While it may seem like quinoa is a new trend, it has actually been cultivated for thousands of years. Quinoa is indigenous to the Andean region of South America (specifically Bolivia, Ecuador, Chile, and Peru) and is often referred to by the Incans as ‘the mother of all grains'.
Although small, this seed (yes seed) is mighty. Out of all the foods out there claiming to be 'super', quinoa truly is a superfood and deserves a place in your pantry!
Check out our top ten facts below to learn more about quinoa:
Quinoa is pronounced ‘Keen-wah’.
Technically, quinoa is not actually a grain, but a protein-rich seed obtained from a vegetable that belongs to a family of Swiss chard, spinach and beets.
Quinoa thrives in diverse conditions when other crops would fail; including low rainfall, high altitudes, hot sun, freezing temperatures and poor soil conditions. During drought, quinoa often increases its yields and can thrive on as little as three to four inches of annual rainfall.
More than 120 different varieties of quinoa have been identified, including pink, orange and purple! The organic white and red varieties that we love at Honest to Goodness are the most commonly cultivated and commercialised. Apart from the colour, red, black and white quinoa are very similar and can be used in the same recipes. Nutritional differences are small. Red and black quinoa tend to have a stronger flavour, take slighter longer to cook and retain a little more of their crunch than the white quinoa.
Quinoa is renowned for its protein content but it’s the type of protein, not the amount that makes it so impressive. Quinoa is one of the few plant foods considered a complete protein, offering all of the essential amino acids in sufficient amounts.
In addition to being a complete protein, quinoa is an excellent source of fibre (higher than most grains!), B-vitamins, magnesium, calcium, iron and vitamin E – no wonder the Incas referred to quinoa as ‘the mother of all grains’!
Quinoa is naturally free from gluten so is suitable for people who are gluten intolerant.
WASH BEFORE USE
Quinoa has a naturally bitter coating called 'saponin' which is the plant's natural defence against insects and birds. This also means quinoa crops do not require pesticides.

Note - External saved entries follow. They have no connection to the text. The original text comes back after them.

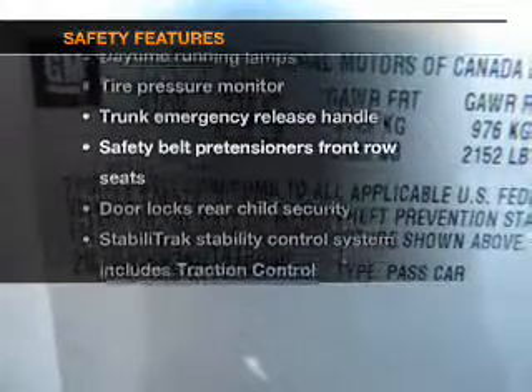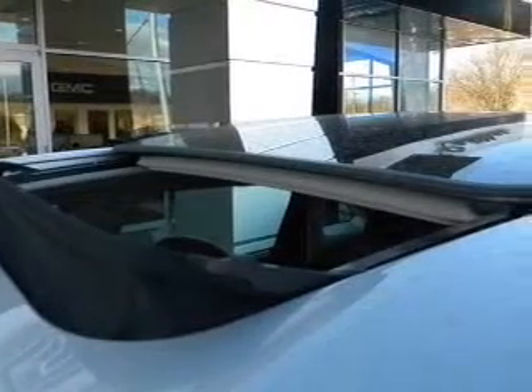If safety is a high priority, rest assured knowing that these top safety components are included: traction control and stability control. Call today to schedule a test drive.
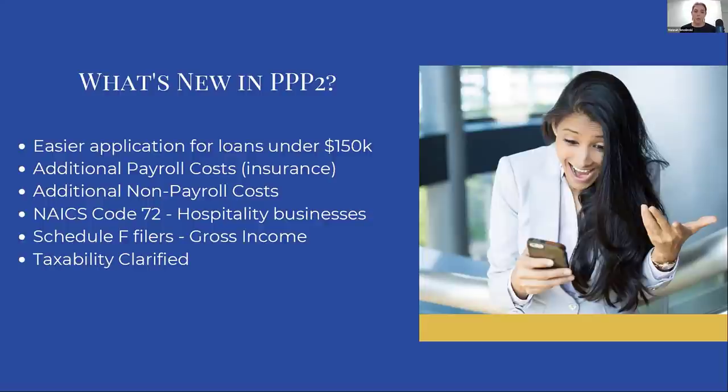The next thing is that they've added some additional payroll costs. They've added specifically that now you can include disability insurance and life insurance for your employees. And they've specifically mentioned dental and vision — I had always assumed those were included in health insurance, but they've now made it very clear, actually written it in: vision, dental, life, and disability are now included. That's going to help us, because if you have any of those costs we can make sure to include them in payroll costs when we're doing our initial calculation.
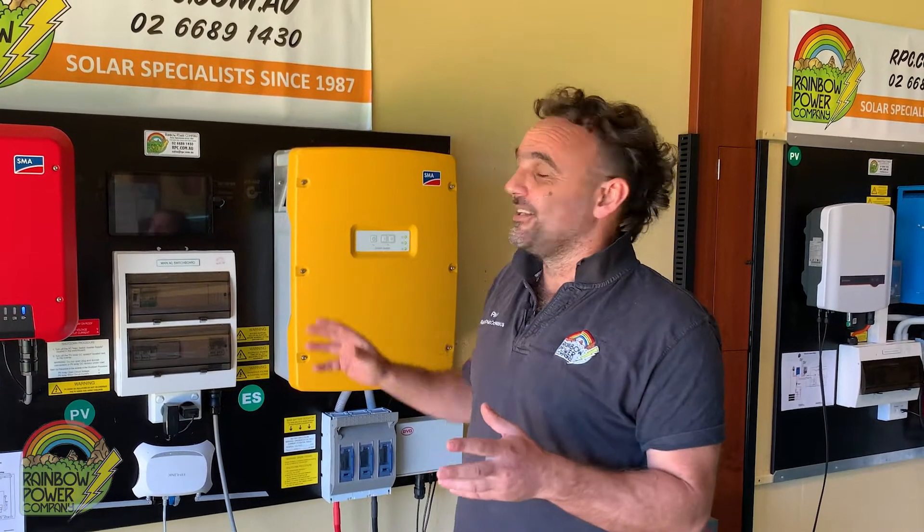The kind of appliances you can run on this system include things like vacuum cleaners, computers, lighting, microwaves — all your general 240 volt household appliances. These systems can actually expand big enough to run things like electric cooking as well.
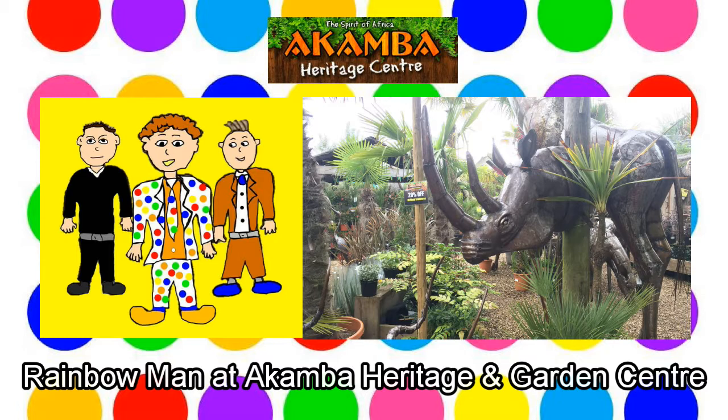I wonder where you will go on your adventure next time, Rainbow Man. Rainbow Man shrugs his shoulders. Well, goodbye Rainbow Man, see you next time!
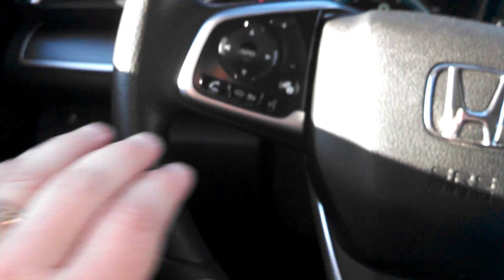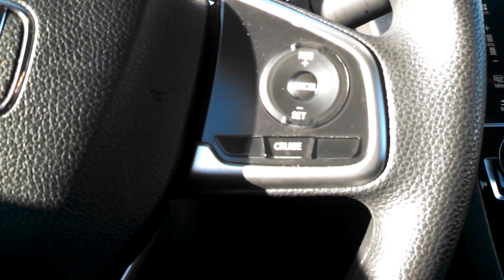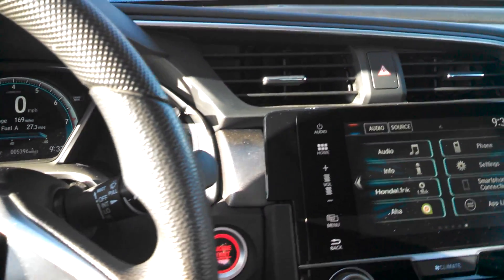This will come with your power windows, power locks, and power side mirrors, as well as your Bluetooth hands-free link, your audio controls, and your cruise control settings, all located in your steering wheel so you never have to remove your hands from the wheel while driving.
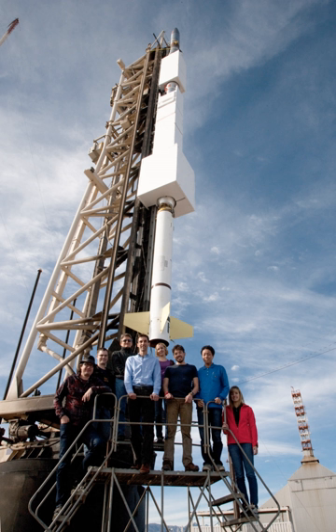FOXSI's third mission, led by Lindsay Gleesner of the University of Minnesota, is scheduled for launch in August 2018 from White Sands, New Mexico.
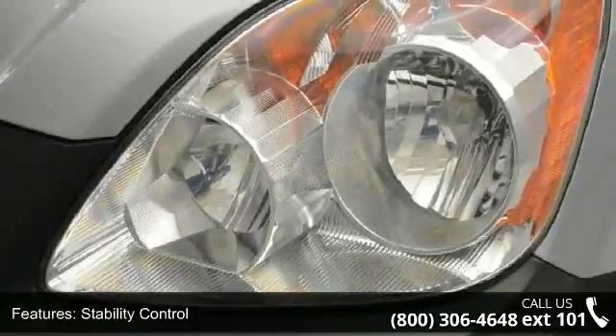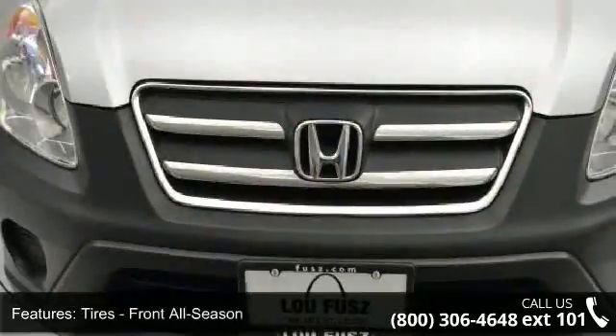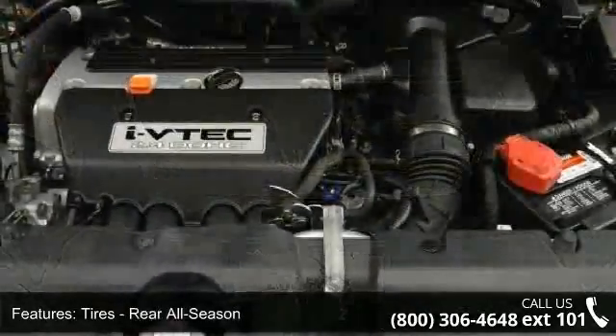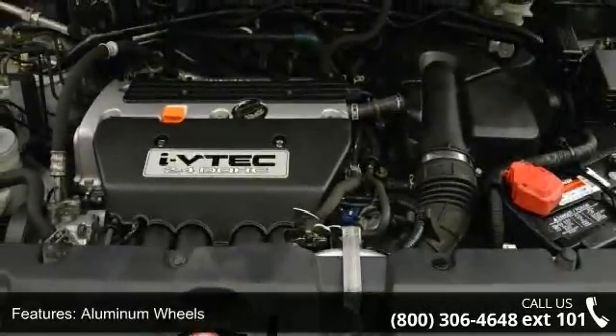Some of the top features included with this vehicle are rear defrost, aluminum wheels, four-wheel disc brakes, driver airbag, passenger vanity mirror, child safety locks, bucket seats, power steering, and front-side airbag.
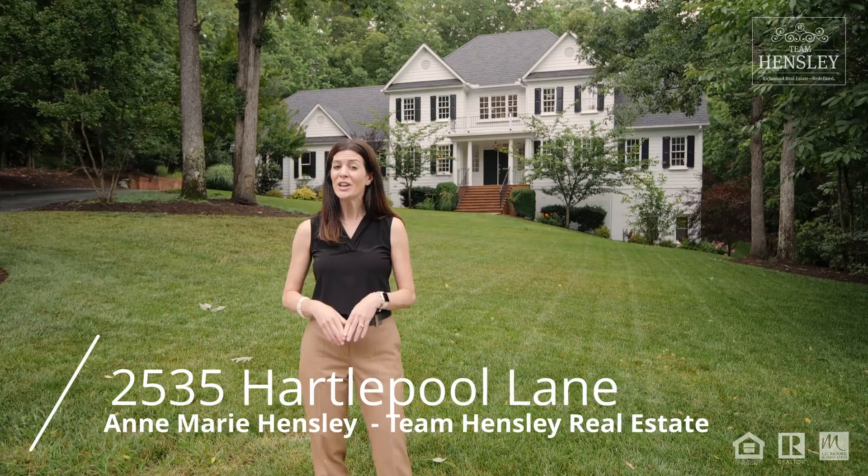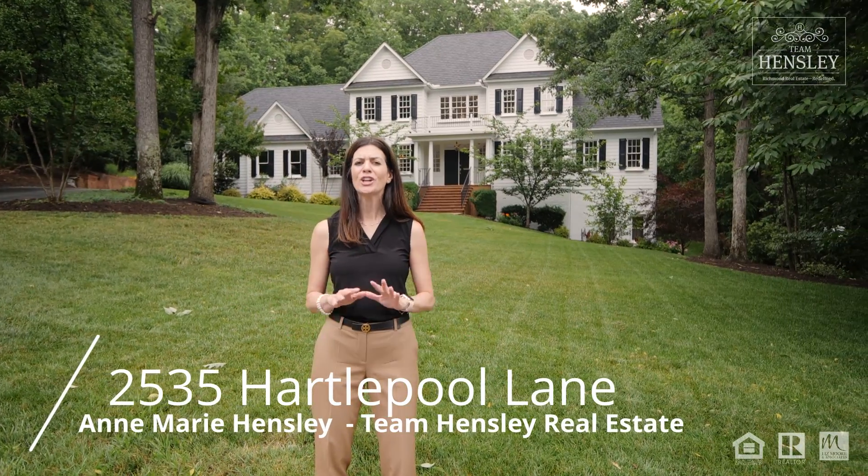Hey guys, today we're in Salisbury. I can't wait to show you this magnificent four-level home. You're going to see a dream kitchen, a huge basement, and a space your kids are going to love. For the rest of it, you've got to come back and check it out. I'm Anne Marie. Welcome to another Team Hensley 5-Star Look.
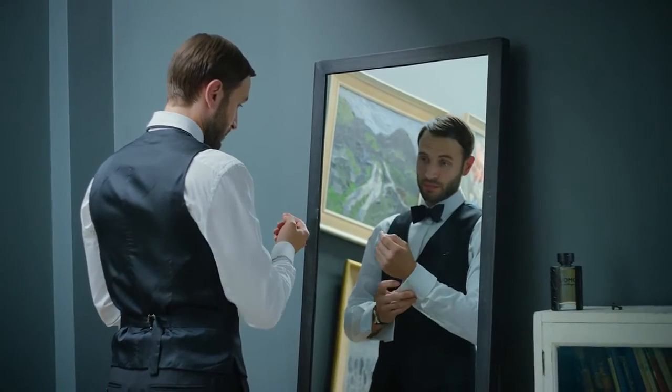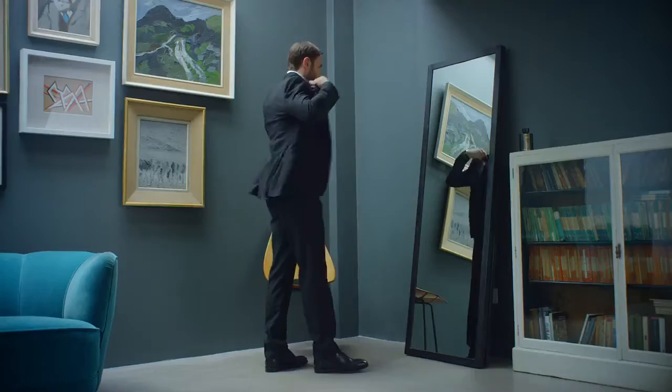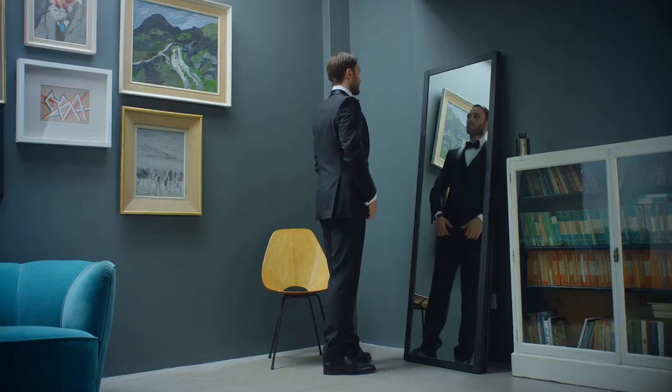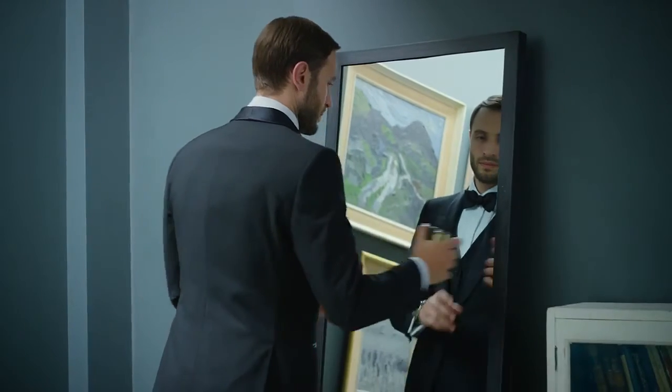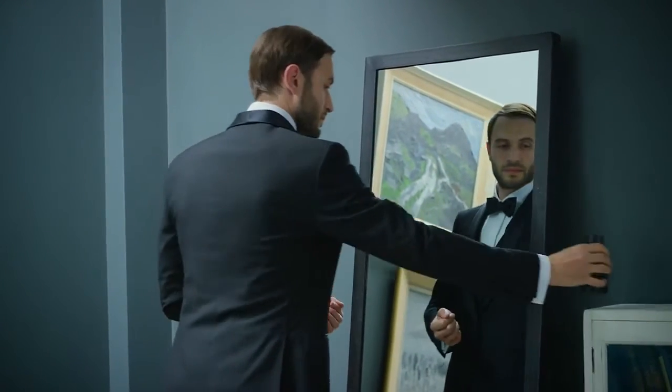Consider the silhouette and opt for a suit shape that flatters your figure. Pick the fabric and color to suit the dress code. As for the extras, a crisp dress shirt and bow tie are essential. Finish with a refined fragrance to ensure you leave a lasting impression.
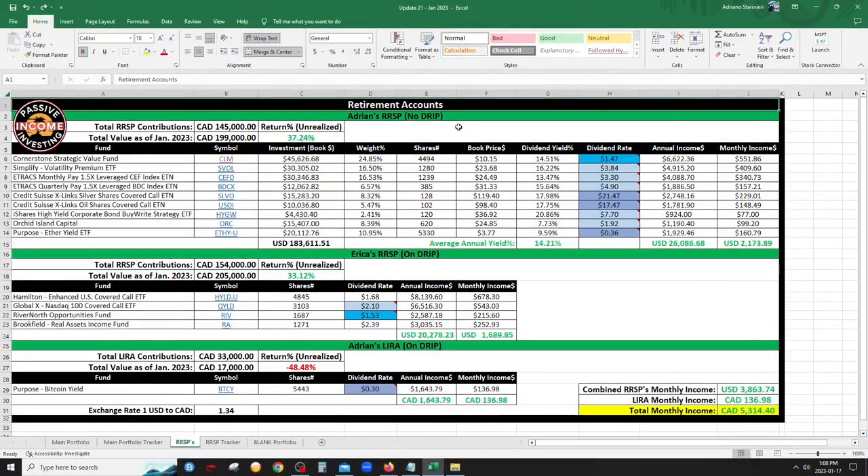Let's start with the retirement accounts — a combination of my RRSP, my wife's RRSP, and my small LIRA. The total monthly income in Canadian dollars for all three combined is $53.14. There is a reduction from last month, and the biggest contributing factor was the CLM dividend cut. The new CLM annual dividend was updated from $2.16 to $1.47, dropping my income to about $250 US — quite significant. But even with the cut I'm at a 14.5% yield, still very high.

Saponin is a resin-like substance that can be simply removed by rinsing the quinoa before cooking. Whilst most imported Quinoa is "pre-washed" to remove the saponin, it is still wise to give it a final rinse.
HOW TO COOK
Just like rice, the basic ratio for cooking quinoa is one-part dry quinoa to two parts liquid. Using the absorption method, quinoa is cooked in just 15 minutes!
HOW TO USE
Quinoa is an extremely versatile ingredient that can be used in a variety of savoury and sweet dishes. If you're ever confused about where to use quinoa, simply use it as a substitute for rice.